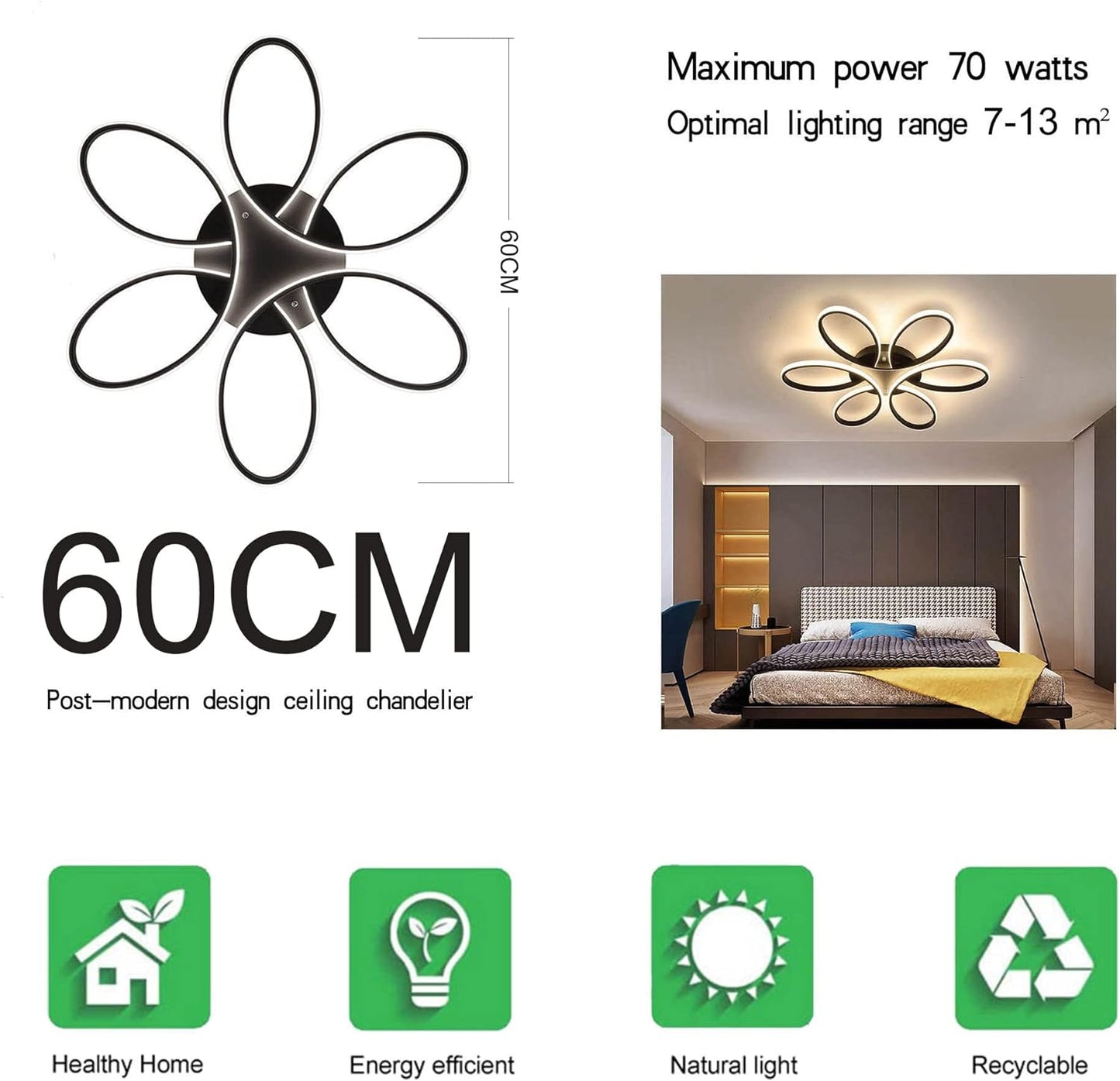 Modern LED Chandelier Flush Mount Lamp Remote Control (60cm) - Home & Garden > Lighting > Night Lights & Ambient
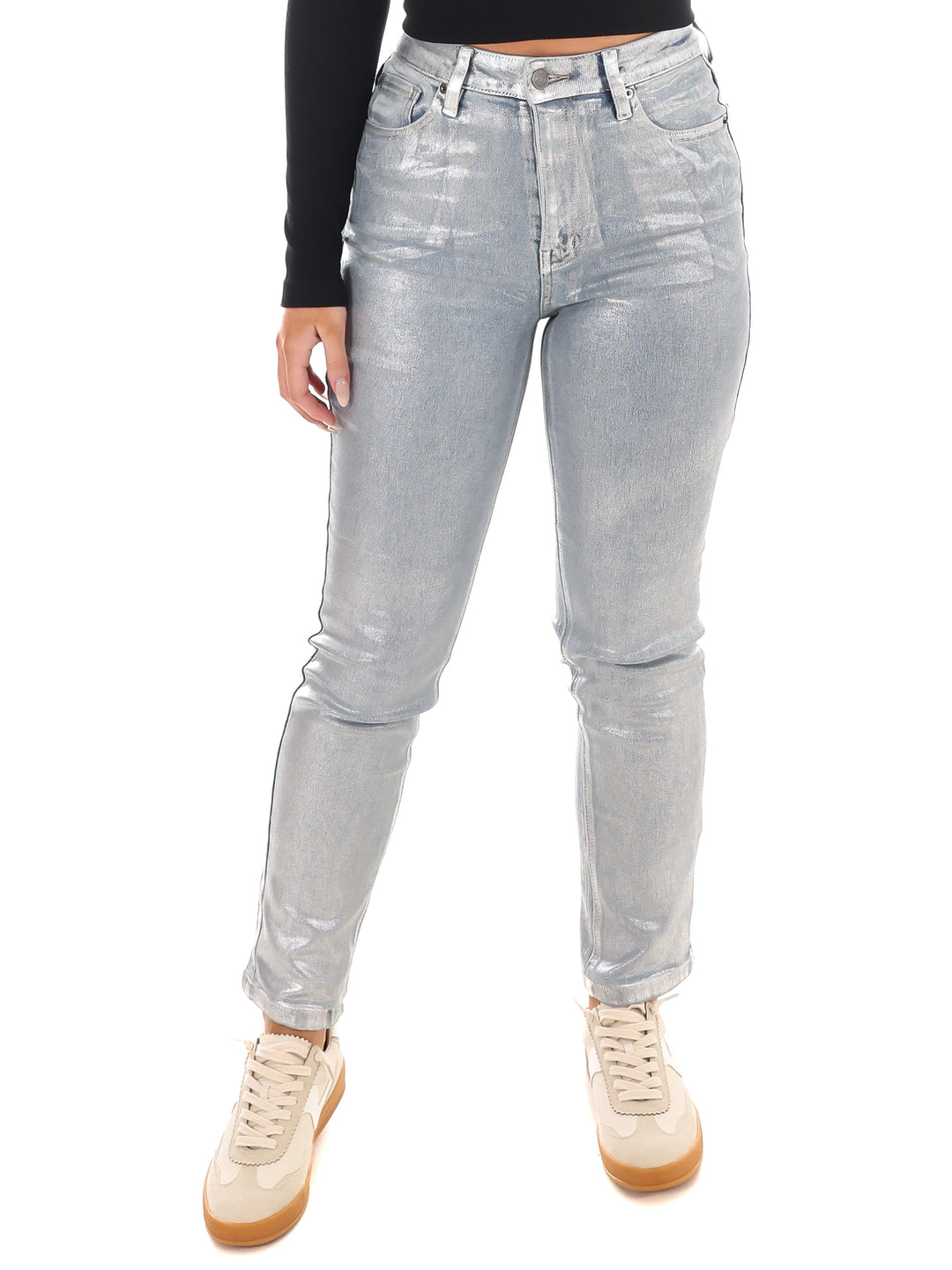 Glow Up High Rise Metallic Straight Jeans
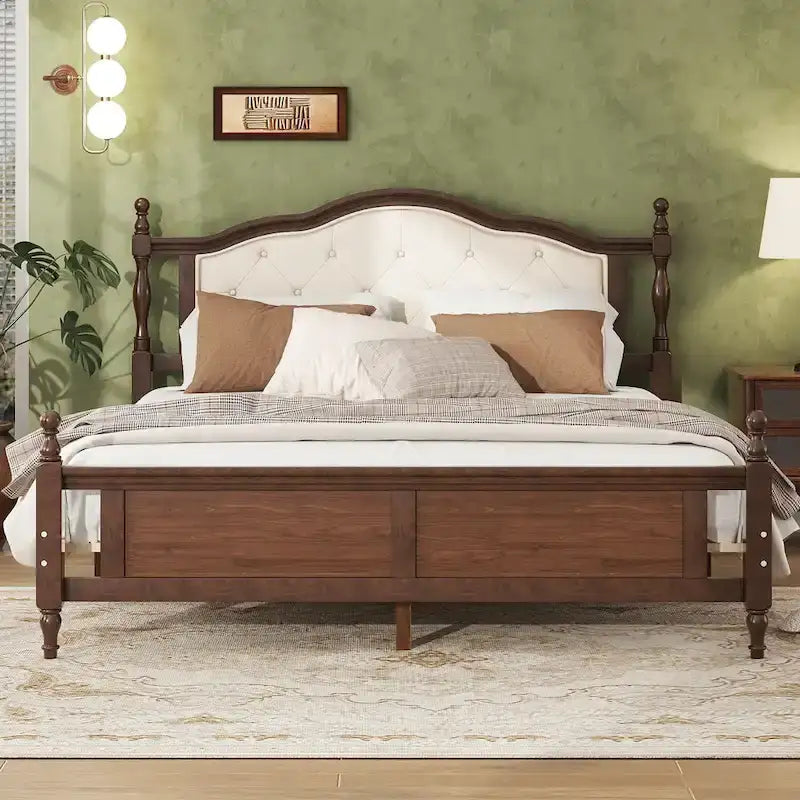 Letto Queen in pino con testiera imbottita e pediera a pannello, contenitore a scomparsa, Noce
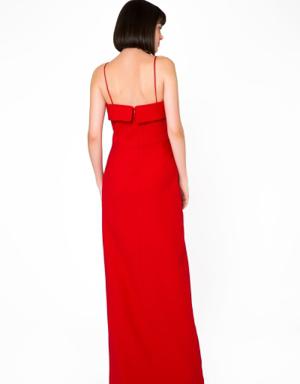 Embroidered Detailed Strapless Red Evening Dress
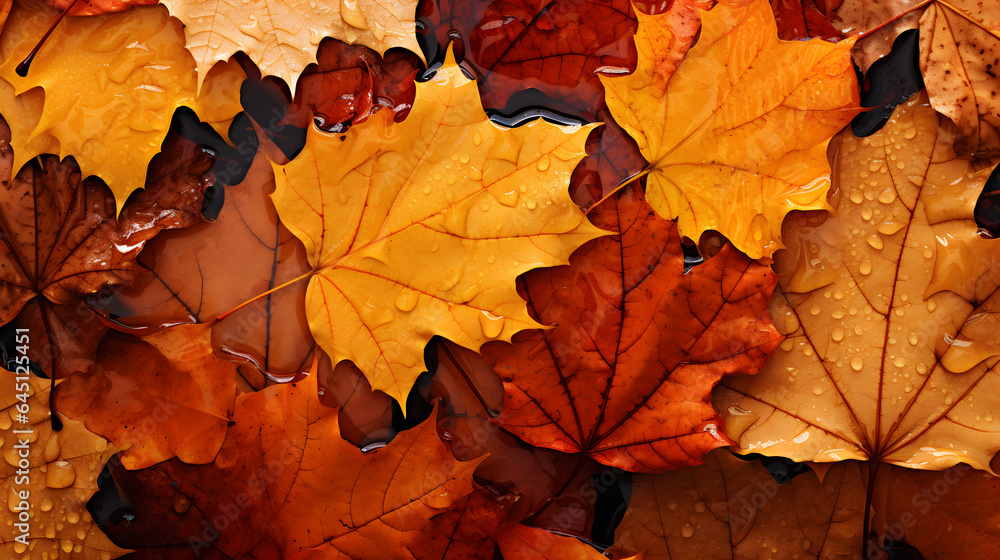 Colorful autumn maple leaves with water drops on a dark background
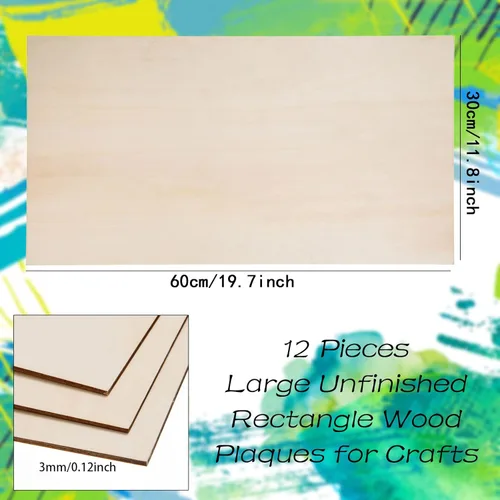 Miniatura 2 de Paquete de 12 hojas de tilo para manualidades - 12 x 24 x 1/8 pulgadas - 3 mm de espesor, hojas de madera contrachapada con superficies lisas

◇ ◇ ◇ ◇

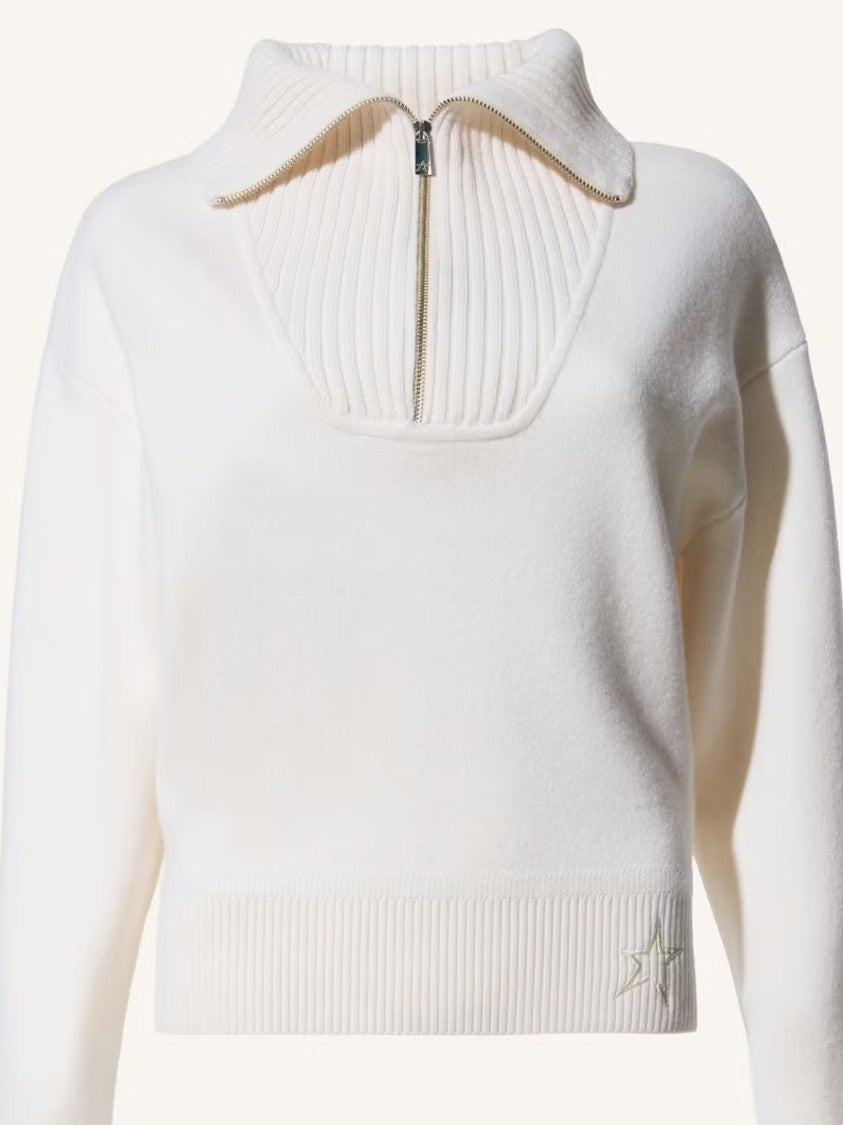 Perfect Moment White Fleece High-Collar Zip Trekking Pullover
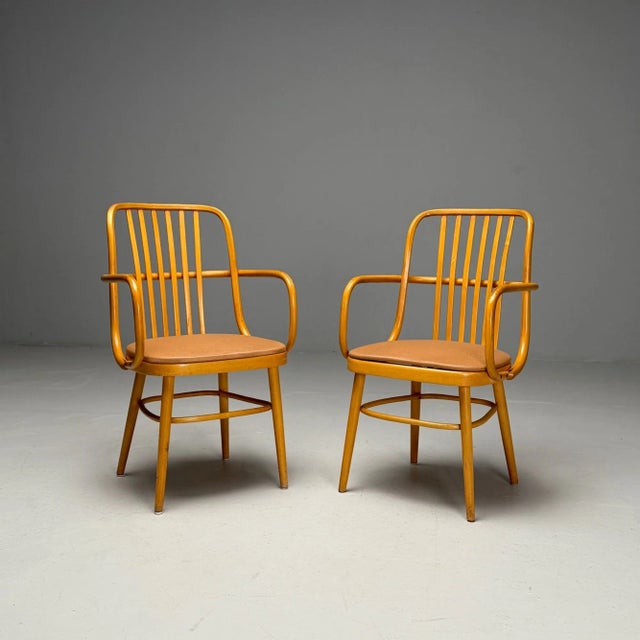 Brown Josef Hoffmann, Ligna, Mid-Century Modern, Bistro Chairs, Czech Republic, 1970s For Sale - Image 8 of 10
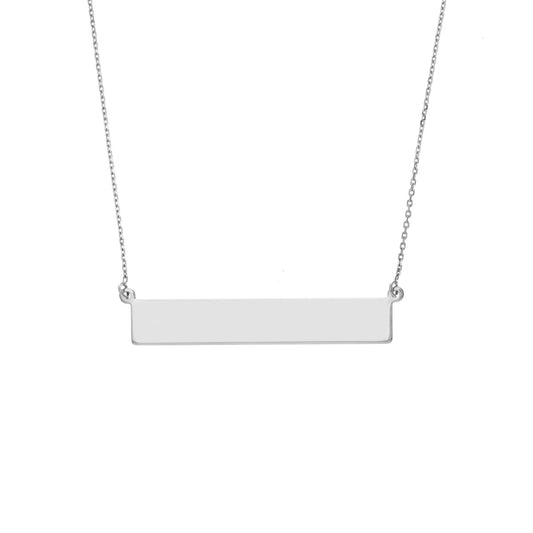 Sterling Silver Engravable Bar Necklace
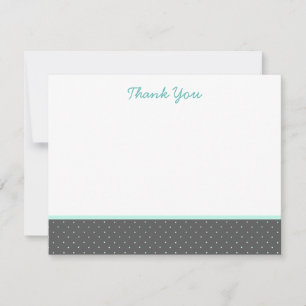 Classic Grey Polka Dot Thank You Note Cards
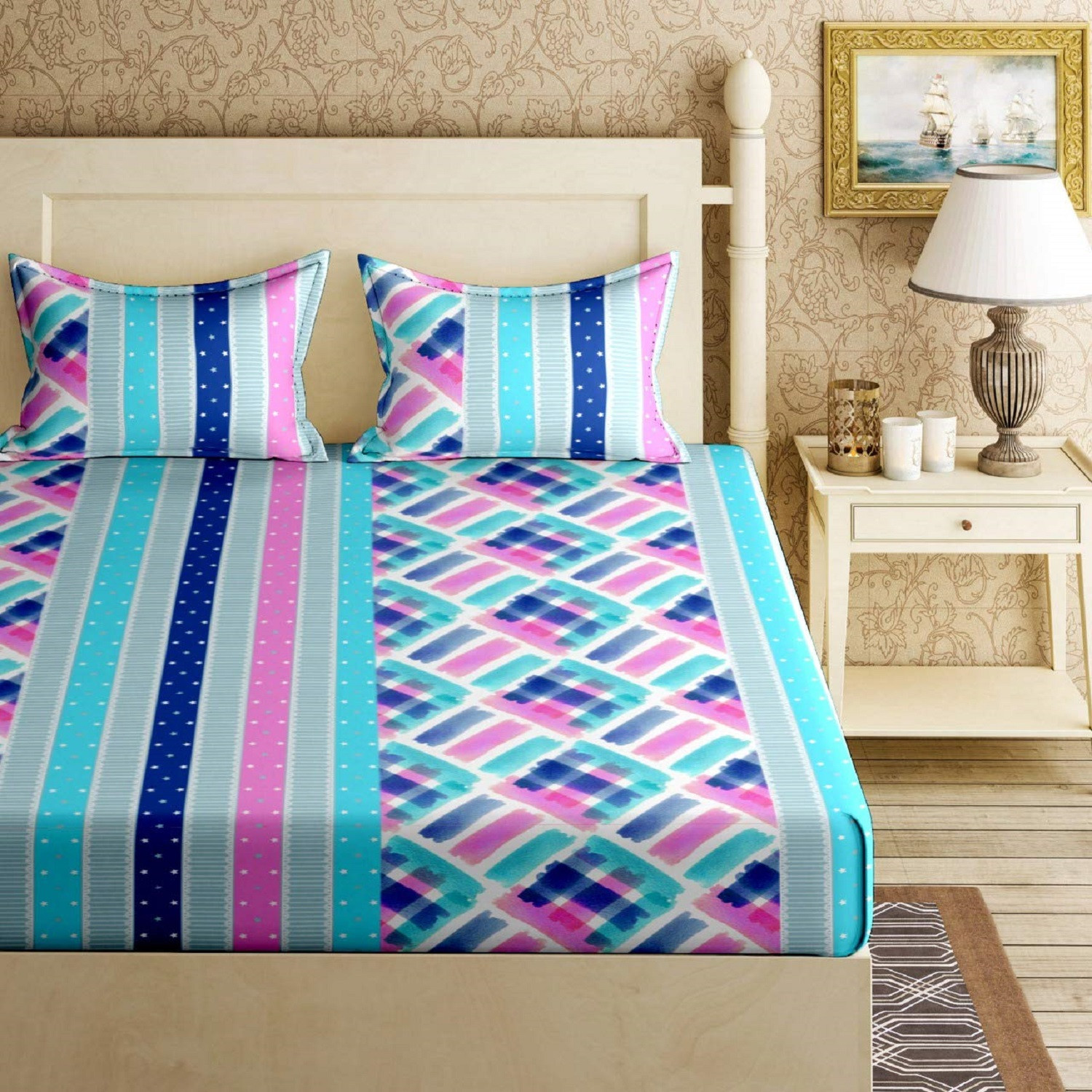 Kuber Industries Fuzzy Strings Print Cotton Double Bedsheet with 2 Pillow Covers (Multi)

◇ ◇ ◇ ◇

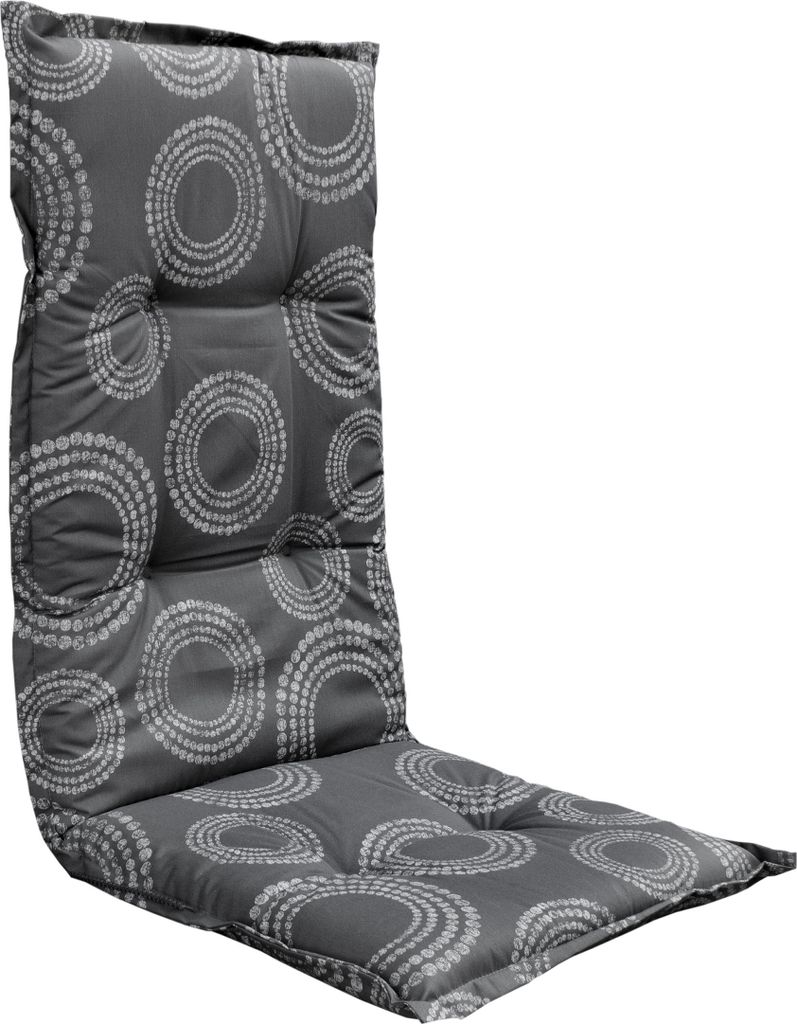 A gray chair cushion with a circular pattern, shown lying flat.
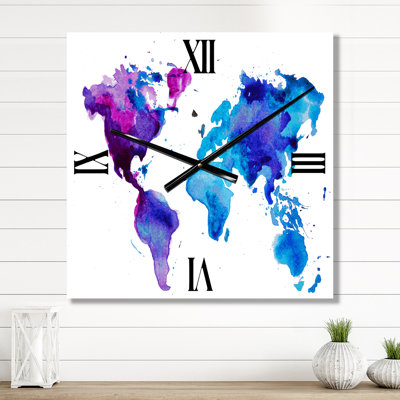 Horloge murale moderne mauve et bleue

◇ ◇ ◇ ◇

**TASK DIRECTIONS:**
In the listing above, find the line containing "Modern LED Chandelier" and the line containing "Miniatura 2 de". Print those two lines and every line between them exactly, with no pictures.

**RESULT OF THE EXERCISE:**
 Modern LED Chandelier Flush Mount Lamp Remote Control (60cm) - Home & Garden > Lighting > Night Lights & Ambient
 Glow Up High Rise Metallic Straight Jeans
 Letto Queen in pino con testiera imbottita e pediera a pannello, contenitore a scomparsa, Noce
 Embroidered Detailed Strapless Red Evening Dress
 Colorful autumn maple leaves with water drops on a dark background
 Miniatura 2 de Paquete de 12 hojas de tilo para manualidades - 12 x 24 x 1/8 pulgadas - 3 mm de espesor, hojas de madera contrachapada con superficies lisas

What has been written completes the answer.